The short answer, I believe, is that there is nothing wrong with offering a prayer to the Holy Spirit, since God the Spirit is, of course, fully God, just as is God the Father and God the Son. However, most prayers in the New Testament and in the church of the second and third centuries were to God the Father, with a few exceptions.
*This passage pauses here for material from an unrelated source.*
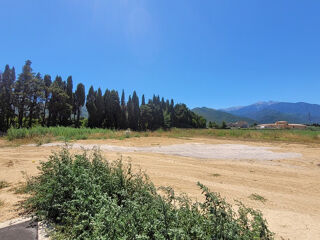  Terrain � vendre 552 m�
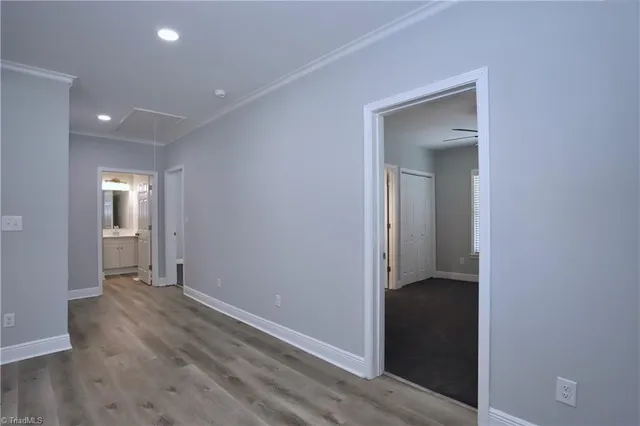 $290,000 | 705 Washington Street, Graham, NC 27253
I recently read an article by Boris Paschke entitled: “Praying to the Holy Spirit in Early Christianity.” His conclusions include the following:
This article studied praying to the Holy Spirit in early Christianity, with the following results: while the New Testament neither contains prayers to the Holy Spirit nor references to such prayers, later early Christian sources from the Second and Third Centuries AD contain at the least a few passages that are relevant for the topic. In Tertullian’s De oration 12, spiritus sanctus is envisaged as addressee of Christian prayer. However, it remains unclear if this Latin term refers particularly to the third person of the Trinity or to God in general. In De baptism 8, Tertullian states that spirit epiclesis were components of the baptismal services he was familiar with. At the beginning of his homilies on the book of Leviticus, Origen encourages addressing not only Jesus but also the Holy Spirit in prayers asking for understanding the biblical text (Orig. Hom. Lev. I 1). In Jesus’s hymn and round dance (which is found in chapters 94–96 of the Acts of John) it is probably not the Holy Spirit but rather Jesus who is addressed with the epithet ‘Spirit’. The Acts of Thomas contain two prayers to the Holy Spirit, namely the spirit epiclesis in chapters 27 and 50. However, it is possible that these epiclesis not only ask the Holy Spirit but also Jesus Christ to come. In view of these findings, it seems (1) that prayers to the Holy Spirit were very rare in early Christianity; and (2) that the Holy Spirit was addressed either alone (Tertullian De baptism 8) or together with Jesus Christ (Orig. Hom. Lev. I 1).
So, what about our practice? My recommendation is that, following the biblical pattern and the pattern of the early church, we should normally address our prayers to God the Father, but still allow occasional addressing of prayers to Jesus, that is, to God the Son, as well as occasional prayers to the Holy Spirit, that is, to God the Spirit. But since the common pattern is to address God the Father in prayer, I would suggest that praying to God the Son and God the Spirit should focus more upon the works that are specifically connected in Scripture to those persons of the Godhead. Thus, the occasional prayer to Jesus might look something like: “Jesus, thank you for dying as a substitute on the cross in our place,” or “Lord Jesus, we long for your second coming” (cf. 1 Cor. 16:22 “Our Lord, Come!”). The occasional prayer to the Holy Spirit could be: “Spirit, fill us with power to speak your word with boldness,” or “Illumine your Word as we read it, and help us know how to apply it.”
I would not take what I have written here as a rule, but rather as a suggestion that may bring you greater clarity and focus as you pursue a life of prayer.
 Boris Paschke, “Praying to the Holy Spirit in Early Christianity,” Tyndale Bulletin 64.2 (2013): 299-316.